Went to check game cameras yesterday eve and had a fawn buck dead about 20 ft from the feeder. He had a gash in the stomach area just in front of the hind quarters, eyes gone and anal cavity eaten by buzzards. No other visible wounds. It was on a trail leading to a feeder just a few feet from a fence. My two guesses are he got hung on the top barb wire and ripped open his stomach or someone from an elevated position grazed him with an arrow and he wound up at my feeder.

Had been seeing him and his mom on camera nearly daily so if arrow got him on another place he followed the doe over and just laid down and died?


----------



## dirtfish (Aug 28, 2012)

Could have been attacked by a buck that was trying to chase him away from the doe.


----------



## Stretch (May 22, 2004)

Possible, couldn't find any visible wounds other than the gut ripped open?

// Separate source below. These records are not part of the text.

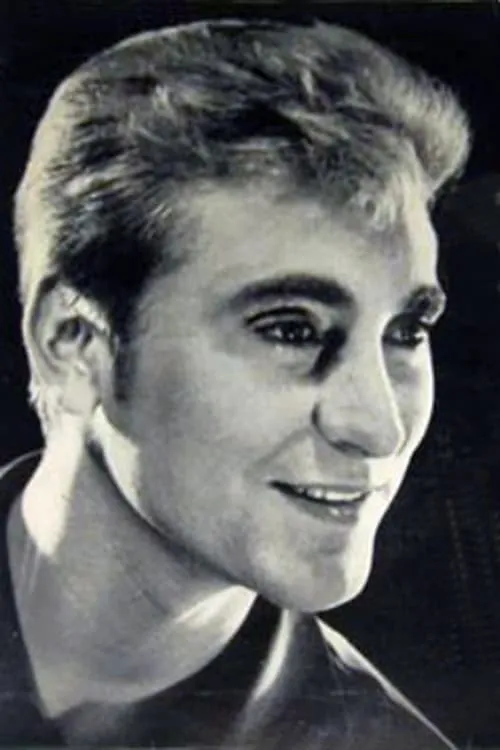 Jacques Mels interpretando a Le chanteur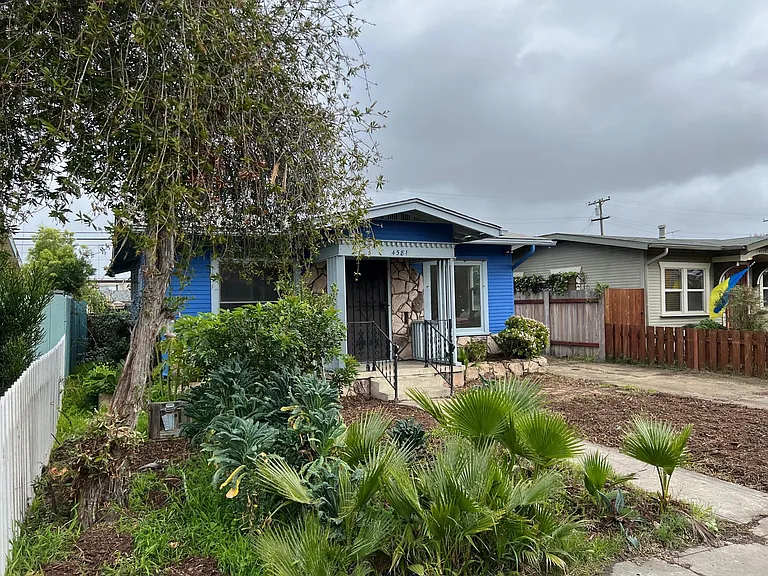 4581 Wilson Ave — Photo 1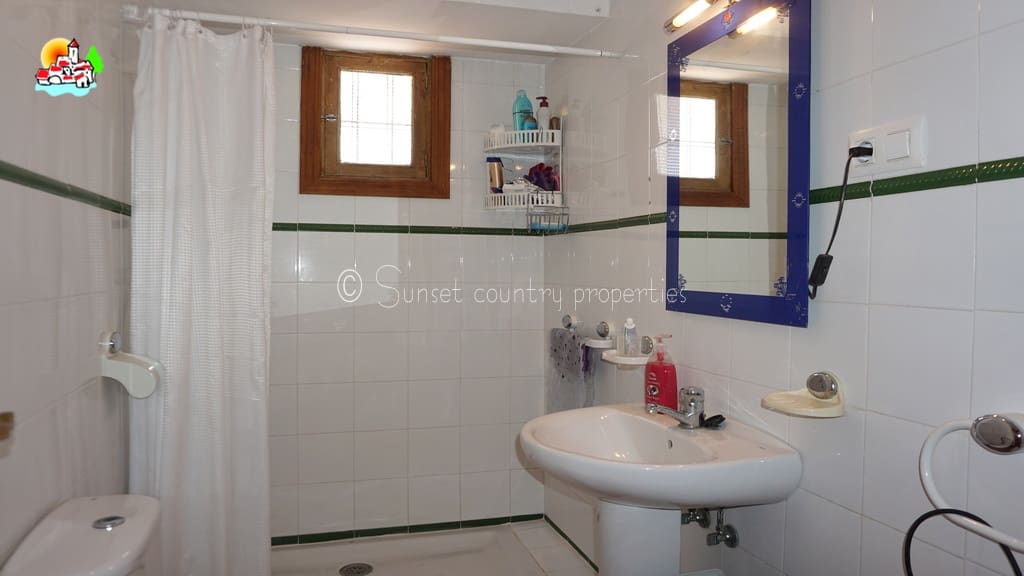 3 soveværelse Byhus til salg i Villanueva de Algaidas - € 119.950 (Ref: 9041386)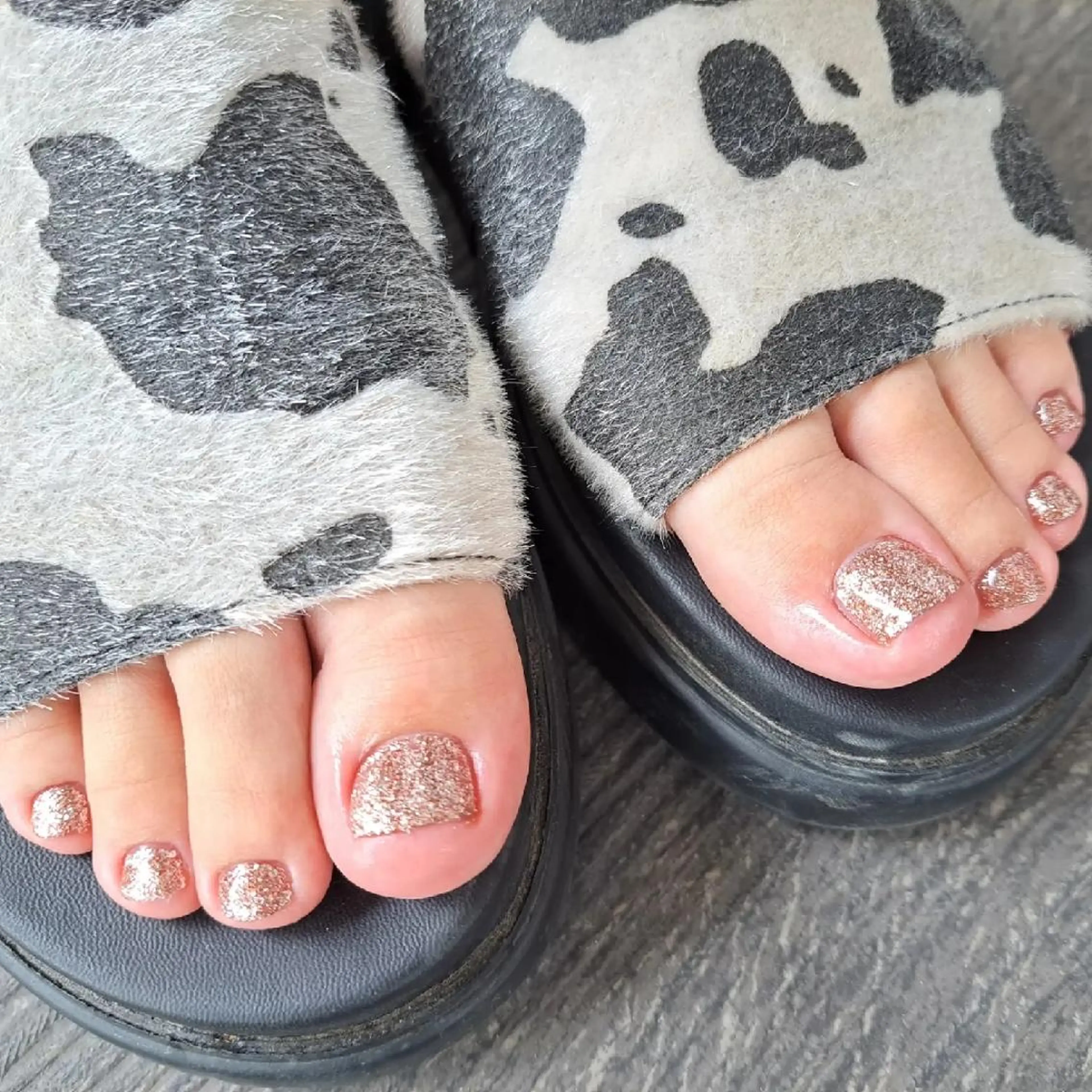 ネイル ハンドネイル フットネイル Lupinus所属・Lupinus ルピナスのネイルデザイン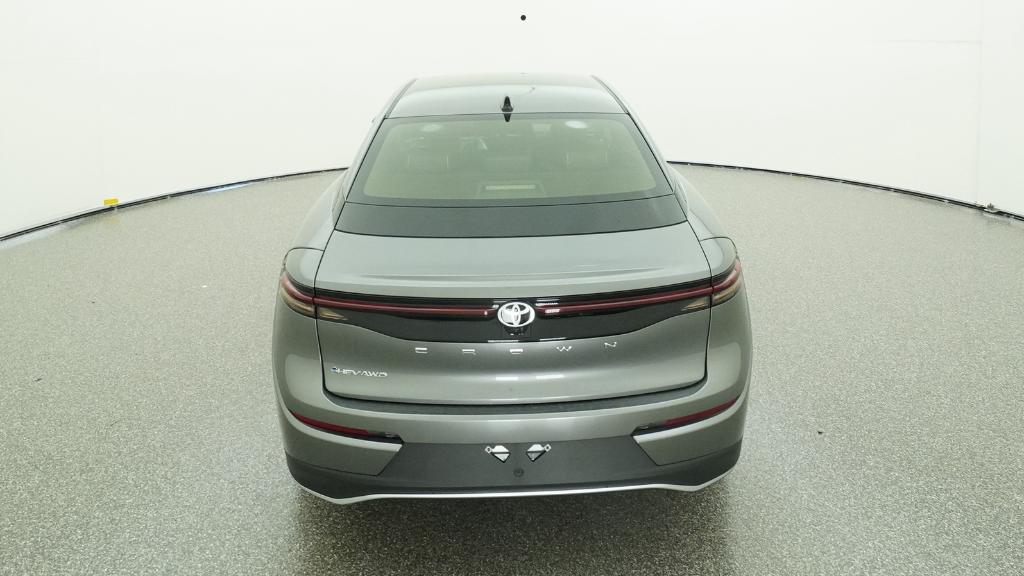 2026 Toyota Crown XLE - Photo 49
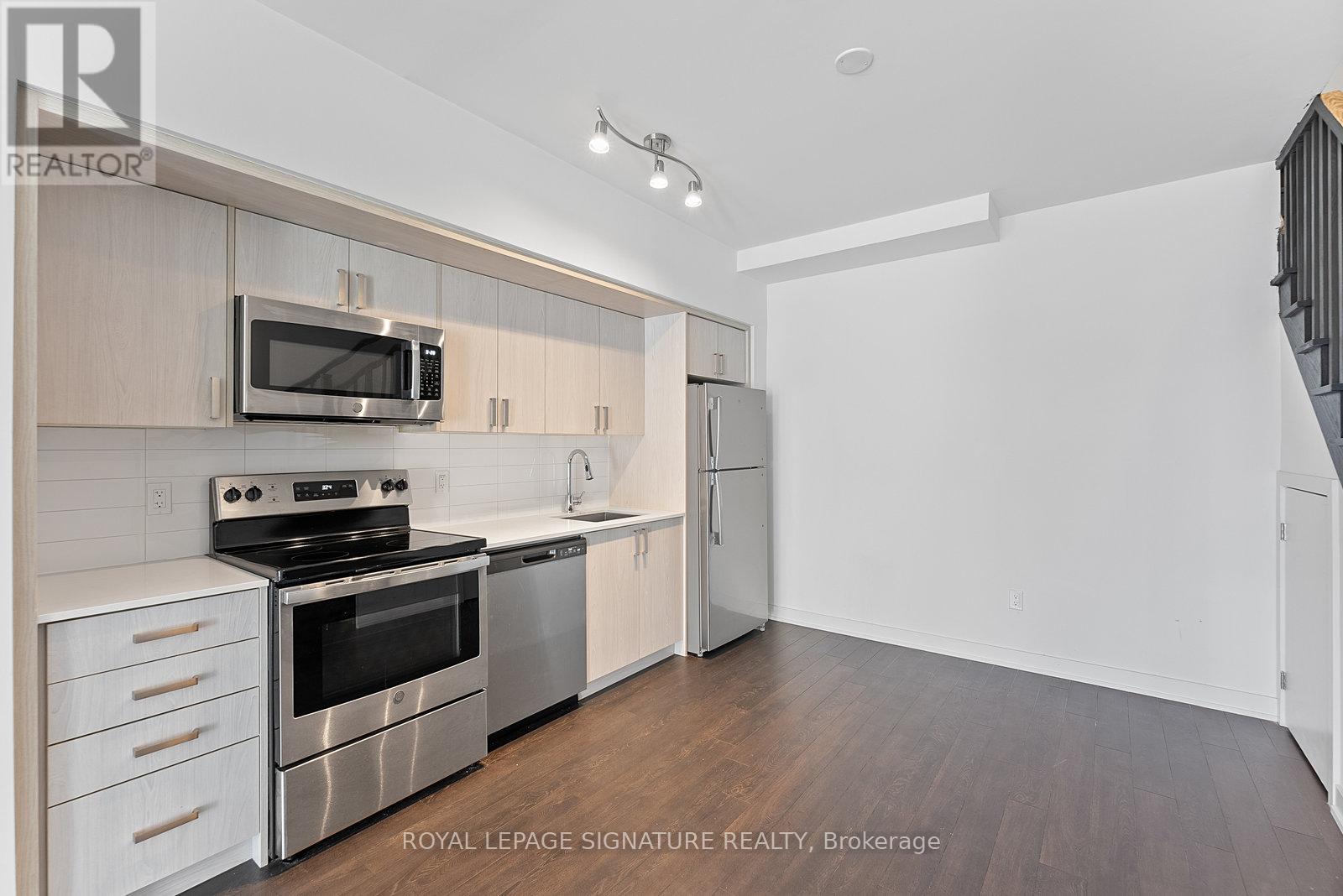 Photo 11 of 104 1 Cardiff Road, Toronto ON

Possible he was gored in the stomach and buzzards opened him on up. Do have about 8 bucks on camera at that feeder and several are good mature shooters.


----------



## mudcatz71 (Jun 8, 2006)

would hope nobody would of slug a arrow at him. The stomach is the second place buzzards go so you never know if it was a wound or not.


----------



## BIGCAT Texas (Jan 29, 2009)

coyotes will kill a deer by eating out there axxhole. Then leaving there to rot for buzzards. We have seen it on game cam, axis, deer, fallow......one time it was only 1 coyote doing it. Not even the pack.


----------



## roundman (May 21, 2004)

BIGCAT Texas said:


> coyotes will kill a deer by eating out there axxhole. Then leaving there to rot for buzzards. We have seen it on game cam, axis, deer, fallow......one time it was only 1 coyote doing it. Not even the pack.


 1st place on cows too, had a cow die once out in the pasture and made a double trap set knowing they would start there and sure enough got 1


----------



## Flight Cancelled (Jul 7, 2010)

do you have a bad hog problem?


----------



## Stretch (May 22, 2004)

No hogs yet. Did see one coyote before fist light on the property while I was watching a pipeline to see where everything is crossing


----------